DIRECTIONS FOR THIS TASK:
Determine how many lines below contain the string "foto" and give that number without anything else.

Scraped caption text data
=== Begin Enclosure ===

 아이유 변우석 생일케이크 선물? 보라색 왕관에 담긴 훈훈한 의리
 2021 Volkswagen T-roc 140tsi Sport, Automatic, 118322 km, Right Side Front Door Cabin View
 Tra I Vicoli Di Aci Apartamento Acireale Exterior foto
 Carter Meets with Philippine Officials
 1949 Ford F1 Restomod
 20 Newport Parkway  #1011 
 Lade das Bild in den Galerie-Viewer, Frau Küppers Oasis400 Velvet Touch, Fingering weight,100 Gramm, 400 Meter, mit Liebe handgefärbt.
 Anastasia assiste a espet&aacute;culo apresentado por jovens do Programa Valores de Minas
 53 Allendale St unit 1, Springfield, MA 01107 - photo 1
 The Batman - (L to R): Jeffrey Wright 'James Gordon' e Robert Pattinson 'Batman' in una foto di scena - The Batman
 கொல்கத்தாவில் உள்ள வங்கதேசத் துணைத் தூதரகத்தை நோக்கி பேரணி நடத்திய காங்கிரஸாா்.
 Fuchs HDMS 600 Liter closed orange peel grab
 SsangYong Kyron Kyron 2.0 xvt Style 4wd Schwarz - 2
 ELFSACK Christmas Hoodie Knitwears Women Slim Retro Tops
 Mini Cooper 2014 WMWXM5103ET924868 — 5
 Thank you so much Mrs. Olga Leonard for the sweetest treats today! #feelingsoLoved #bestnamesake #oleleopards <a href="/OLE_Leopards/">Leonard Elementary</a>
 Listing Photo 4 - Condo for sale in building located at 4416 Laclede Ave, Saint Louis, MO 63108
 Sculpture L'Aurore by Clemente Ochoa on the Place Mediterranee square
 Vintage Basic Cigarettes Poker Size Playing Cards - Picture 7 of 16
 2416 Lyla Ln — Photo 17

=== End Enclosure ===

TASK RESULT:
2